Write out the listing below word for word.

---

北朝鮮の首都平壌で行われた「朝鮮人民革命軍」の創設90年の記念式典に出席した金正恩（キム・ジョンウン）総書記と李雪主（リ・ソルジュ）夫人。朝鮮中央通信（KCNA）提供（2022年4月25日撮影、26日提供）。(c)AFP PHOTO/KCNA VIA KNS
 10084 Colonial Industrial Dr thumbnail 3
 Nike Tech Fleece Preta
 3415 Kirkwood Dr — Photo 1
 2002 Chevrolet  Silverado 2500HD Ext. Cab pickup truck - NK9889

---

Answer section
北朝鮮の首都平壌で行われた「朝鮮人民革命軍」の創設90年の記念式典に出席した金正恩（キム・ジョンウン）総書記と李雪主（リ・ソルジュ）夫人。朝鮮中央通信（KCNA）提供（2022年4月25日撮影、26日提供）。(c)AFP PHOTO/KCNA VIA KNS
 10084 Colonial Industrial Dr thumbnail 3
 Nike Tech Fleece Preta
 3415 Kirkwood Dr — Photo 1
 2002 Chevrolet  Silverado 2500HD Ext. Cab pickup truck - NK9889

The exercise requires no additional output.